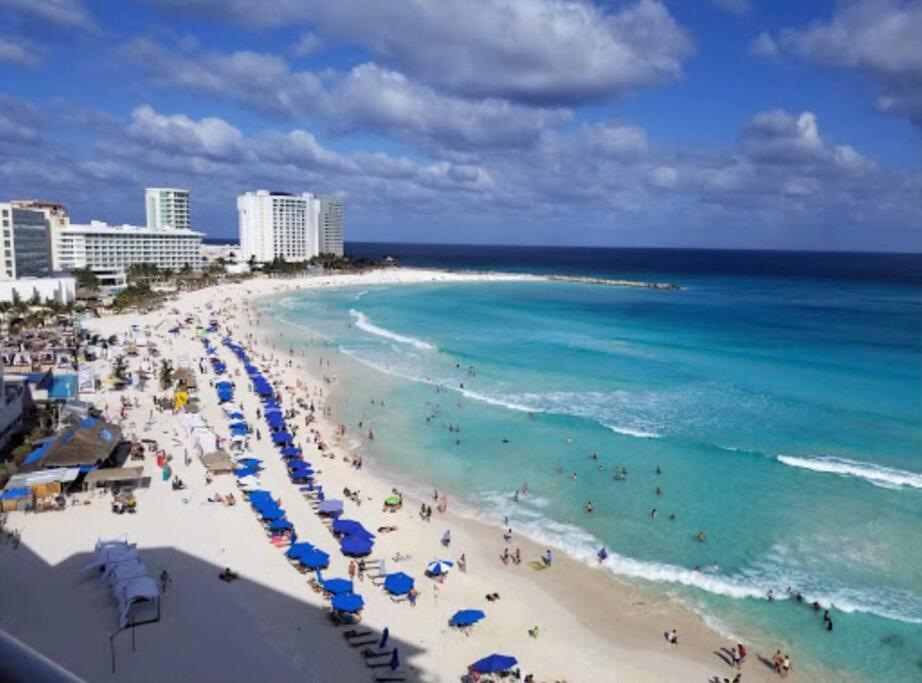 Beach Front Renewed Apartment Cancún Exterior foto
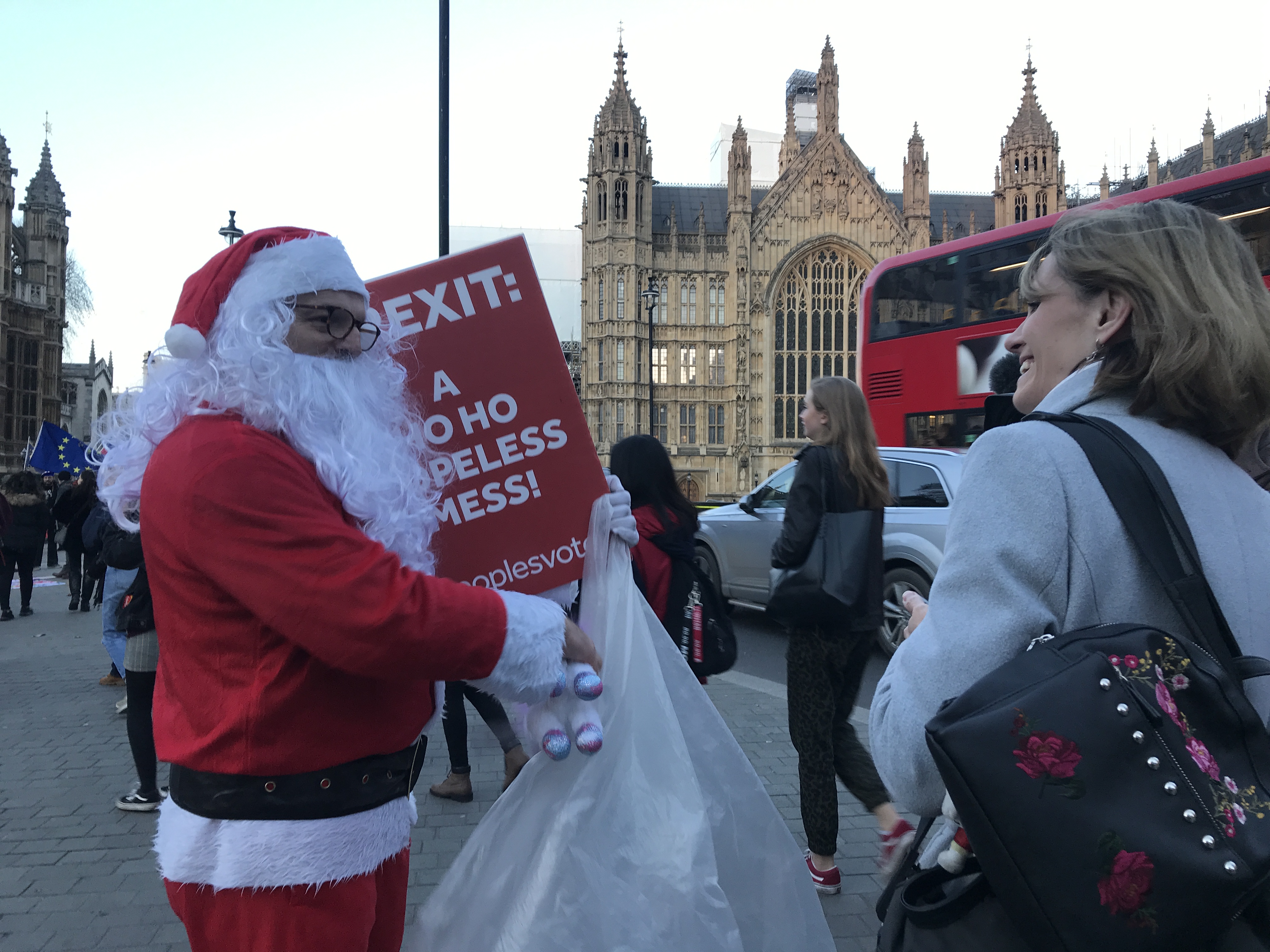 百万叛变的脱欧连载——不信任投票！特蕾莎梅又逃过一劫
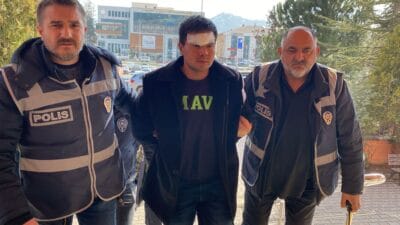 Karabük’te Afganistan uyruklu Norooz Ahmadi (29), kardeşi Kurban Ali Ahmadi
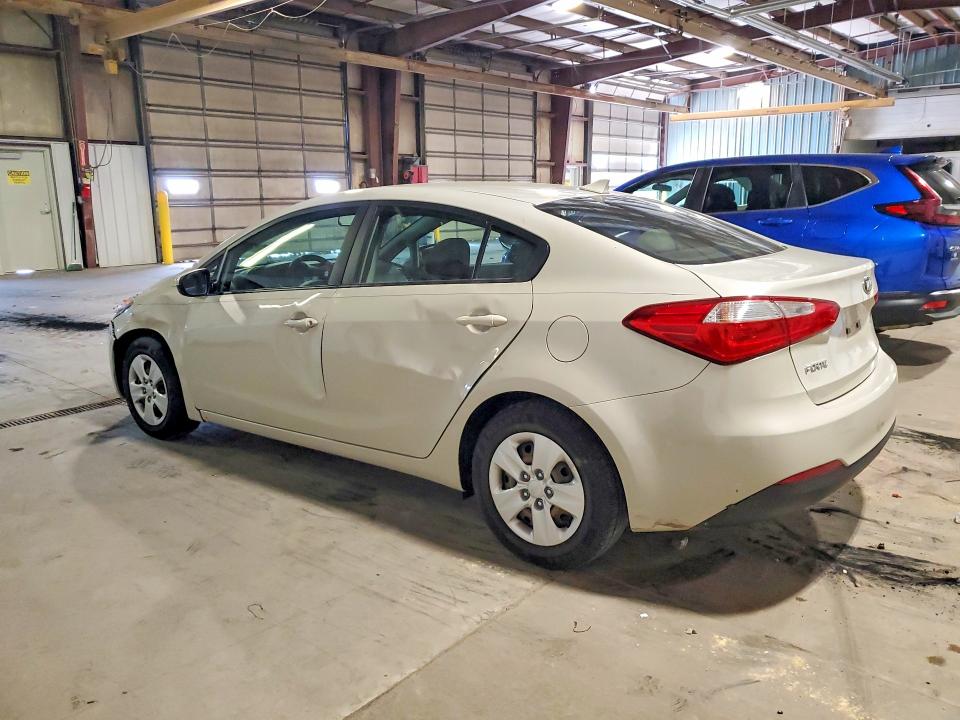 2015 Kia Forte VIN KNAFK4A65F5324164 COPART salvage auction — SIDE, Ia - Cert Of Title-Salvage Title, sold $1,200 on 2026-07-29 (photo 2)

===

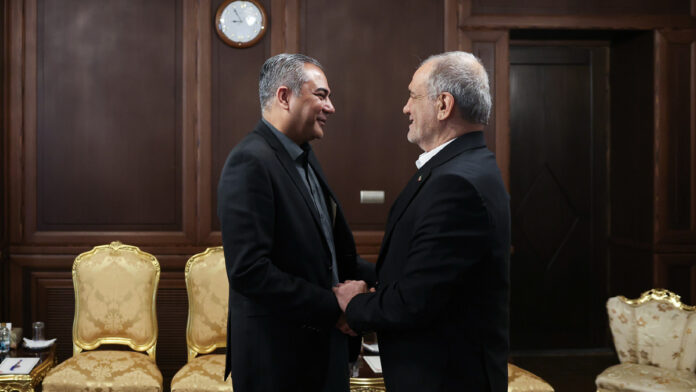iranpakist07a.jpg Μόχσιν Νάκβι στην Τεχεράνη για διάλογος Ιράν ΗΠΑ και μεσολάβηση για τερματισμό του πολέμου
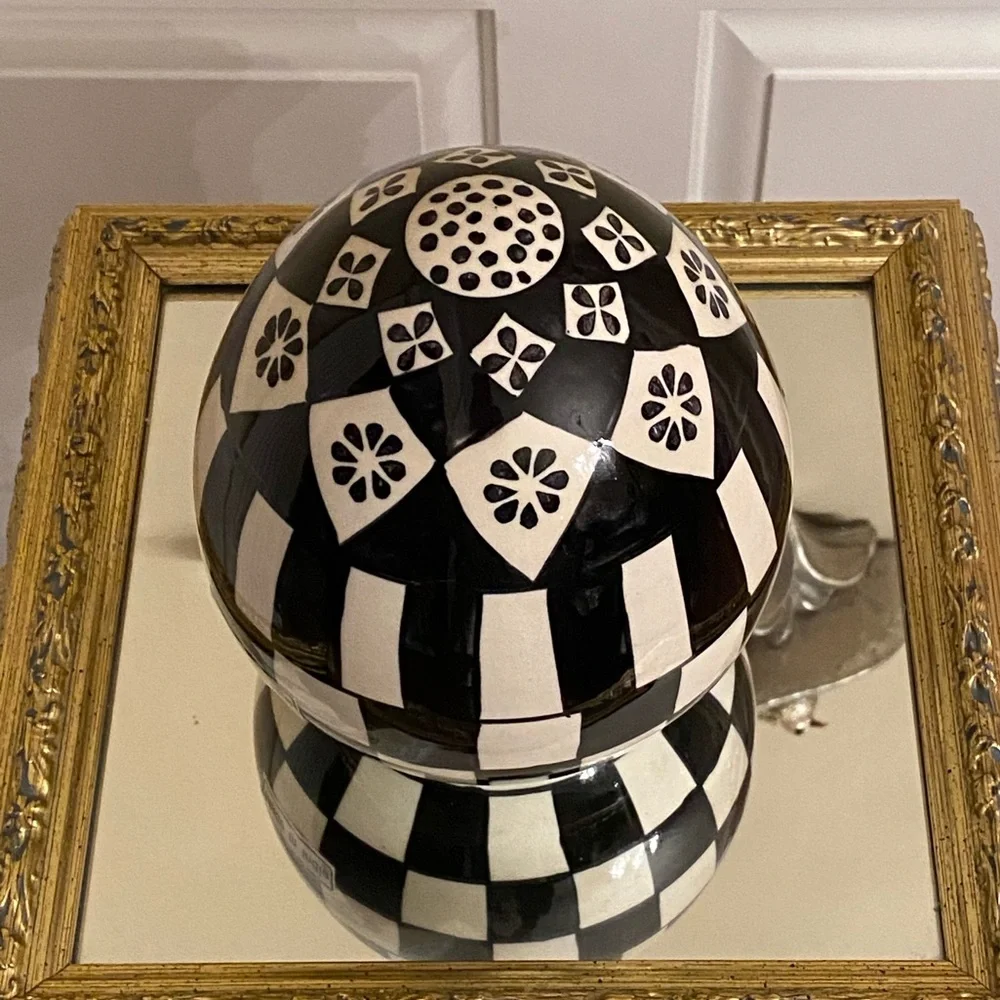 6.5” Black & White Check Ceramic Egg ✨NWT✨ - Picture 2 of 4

===

In the entries above, find the line with "百万叛变的脱欧连载——不信任投票！特蕾莎梅又逃过一劫" and the line with "2015 Kia Forte". Write out exactly those two lines and every line between them, pictures excluded.

*Exercise solution:*
 百万叛变的脱欧连载——不信任投票！特蕾莎梅又逃过一劫
 Karabük’te Afganistan uyruklu Norooz Ahmadi (29), kardeşi Kurban Ali Ahmadi
 2015 Kia Forte VIN KNAFK4A65F5324164 COPART salvage auction — SIDE, Ia - Cert Of Title-Salvage Title, sold $1,200 on 2026-07-29 (photo 2)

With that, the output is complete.